Sunday, August 15, 2010

Roses

There's a bus stop down the street and around the corner. It's in front of the kidney center, which is surrounded by a moat of raw sewage. I wait there about once a week for the bus to the main bus stand, holding my breath and hoping to see the number five speed into view.
Last week when I stepped out onto the main street, I saw confetti in the road. There's no sidewalk, just a paved road for the cars and a smelly, dusty shoulder for anyone unfortunate enough to be walking. And that day, the road was covered with bright pinky-red and white confetti. No, the red was rose petals. I peered down at my feet as I trotted along. The white bits were long and thin, and for a moment I thought they might be jasmine petals. But they were puffed rice. I looked up. The street was still covered with rose petals and puffed rice, and a few whole roses lay in the road as well. I pictured a wedding car strewing flowers and rice as it passed. It didn't seem likely, though. Weddings are so common, and I've never seen such a thing before.
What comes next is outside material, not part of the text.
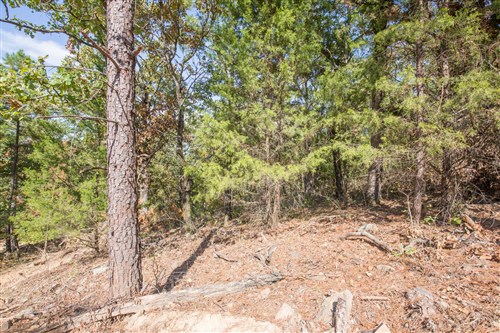 Stone Bridge Phase I Tract 50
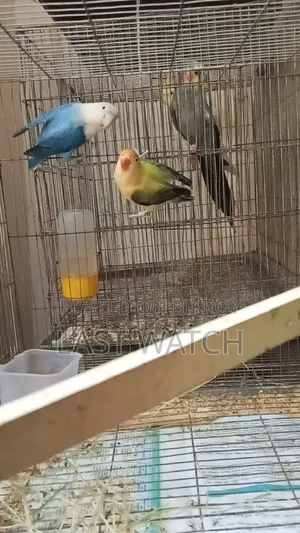 Lovebird  Pakhir Pair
I remembered seeing a funeral procession long ago, my first year in India. The man pushing the wheeled bier kept reaching up to the garlands that hung just above his forehead to pull off a few petals and drop them along his path. But those were marigolds. Today's carpet of flowers was not for a funeral.
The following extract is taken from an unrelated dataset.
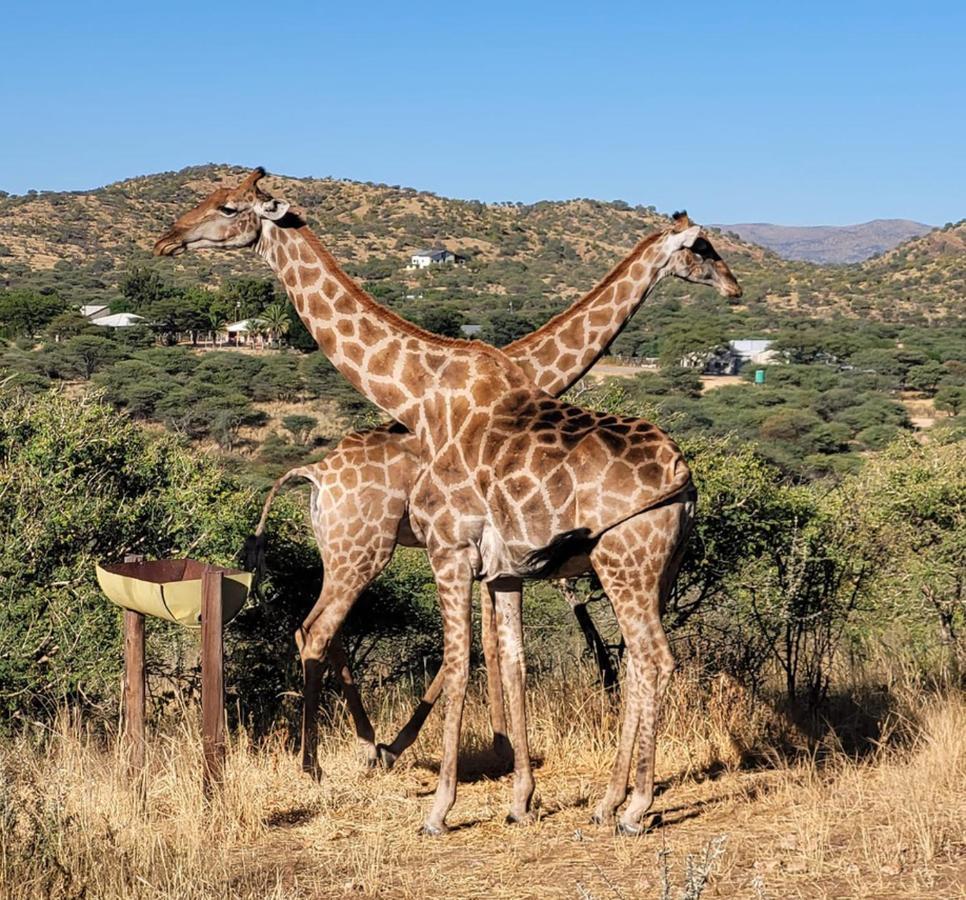 Windhoek Game Camp Lafrenz Township Экстерьер фото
As I turned the corner, I smelled roses over the ordinary myriad of odors. Perhaps they had poured out rose water as well. How else could the fragrance of roses compete with reek of an open drain? But the road was strewn with petals far as the eye could see. I remembered the Ganesh temple down the way just out of sight, and imagined an open cart with a silver statue of the god inside. Perhaps it had moved slowly up the street as priests and devotees showered the god with roses and rice.
Who knew? Probably everyone else in town, but not I. I was just grateful as I waited for the bus and smelled the flowers.